The thing that I love about Donald Trump has nothing to do with who he is as a person, or as a politician. What I love about him is that his very presence shines a powerful light into the heart of modern-day America. Trump evokes strong reactions - either pro or anti - and in so doing shows us the hidden workings of society.
It was somewhere midway through Trump’s presidency when I first became aware of the term “Trump Derangement Syndrome” (TDS). Right-leaning academics in the US coined this pseudo-psychiatric term to describe the visceral sense of reactive hatred that Trump conjured up in their left-leaning counterparts who, within academia, were in a clear majority. Even living in Istanbul, I have met people with TDS. I have met people who literally twitch when you mention the word “Trump” to them.
As a Brit, to me Trump is essentially just a big, brash American. He talks loud. He swaggers. He makes sexist comments. He shoots his mouth off. Brought up on a diet of Top Cat, the Dukes of Hazzard and The A Team, to me, rightly or wrongly, this seems like just normal American behaviour. So I was intrigued that there could be such bizarrely visceral reactions to him amongst his fellow Americans.
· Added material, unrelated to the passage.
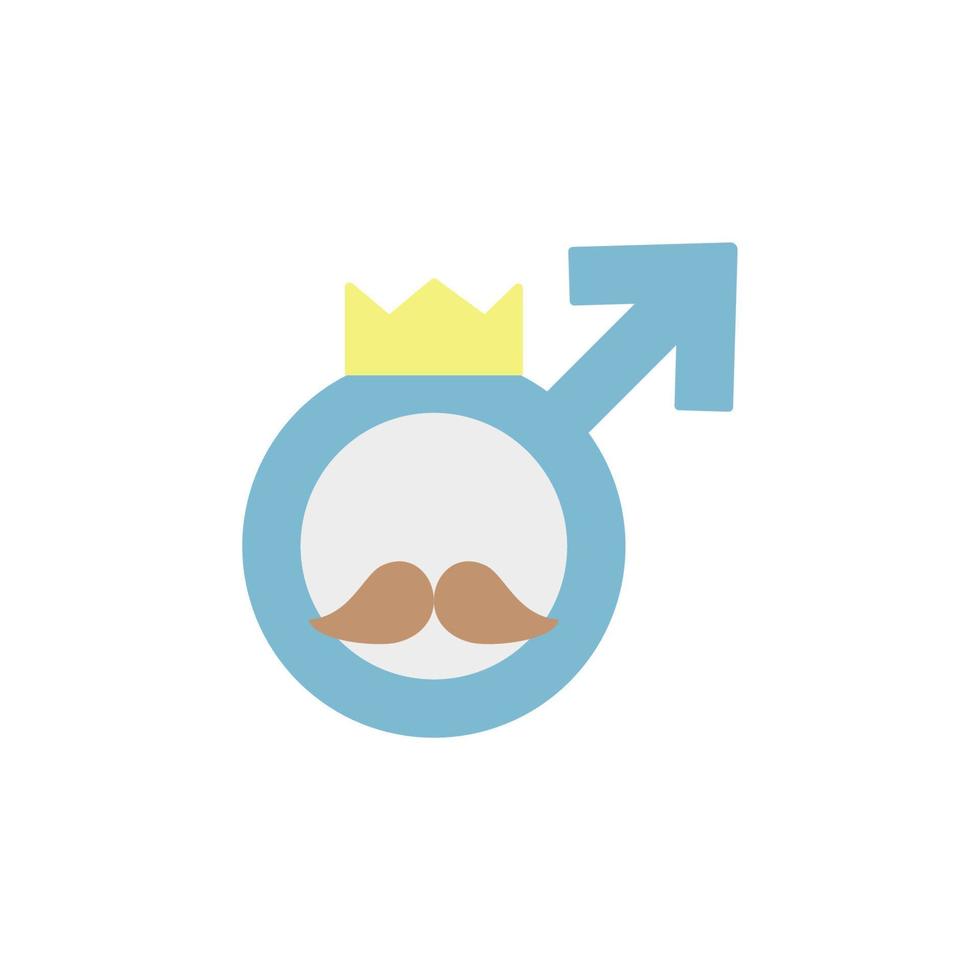 masculino símbolo, bigode, coroa vetor ícone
I’m not going to bang on about the “Deep State” here. Though the sheer intensity and sheer level of organisation of the attacks mounted on Trump do seem to point to a degree of background co-ordination way beyond the normal shoving and elbowing of the US political scene. Trump most certainly does appear to threaten the continued existence of a significant chunk of the permanent infastructure of state. For why else would they need to behave in such a co-ordinated fashion to try and get rid of him? If you attack an animal that survives by diffusing its presence, it will have to show itself to defend itself.
But this is not about the “Deep State.” Rather I want to look at “the cathedral.”
The cathedral is the term coined by underground philosopher Curtis Yarvin to describe the ruling academic elite of a nation, its most looked-up-to academics and journalists. In the US, that means Harvard, Yale, the New York Times and the Washington Post. These bodies act as the vanguard of the intellectual establishment of America. They set the tone for everyone in the States who considers themselves to be a “thinking person.” In fact, if you wish to even be considered a “thinking person” in America, you will have to be at least reasonably aligned with their stance.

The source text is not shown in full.